> _Required action_: Images are not wanted; transcribe the rest of the listing exactly.

> _Data block_:
┄┄┄┄┄┄┄┄┄┄┄┄┄┄┄┄┄┄┄┄

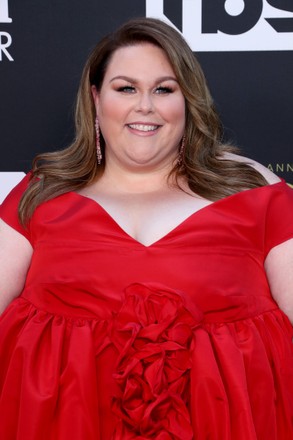 Chrissy Metz Editorial Stock Photo - Stock Image | Shutterstock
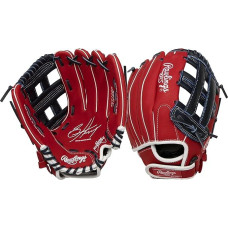 Rawlings Sure Catch T-Ball & Youth Baseball Glove Sizes 9.5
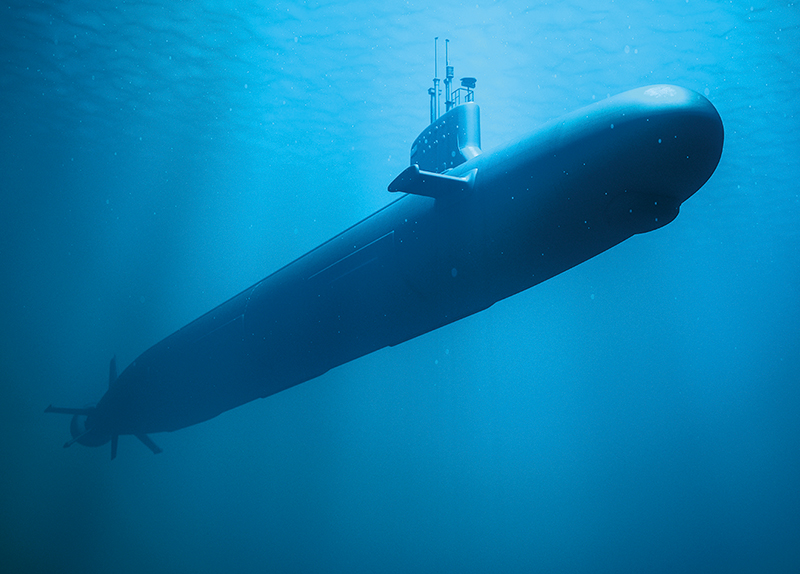 Trump Backs South Korea-U.S. Nuclear Submarine Cooperation, Accelerating Talks7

┄┄┄┄┄┄┄┄┄┄┄┄┄┄┄┄┄┄┄┄

> _Exercise result_:
 Chrissy Metz Editorial Stock Photo - Stock Image | Shutterstock
 Rawlings Sure Catch T-Ball & Youth Baseball Glove Sizes 9.5
 Trump Backs South Korea-U.S. Nuclear Submarine Cooperation, Accelerating Talks7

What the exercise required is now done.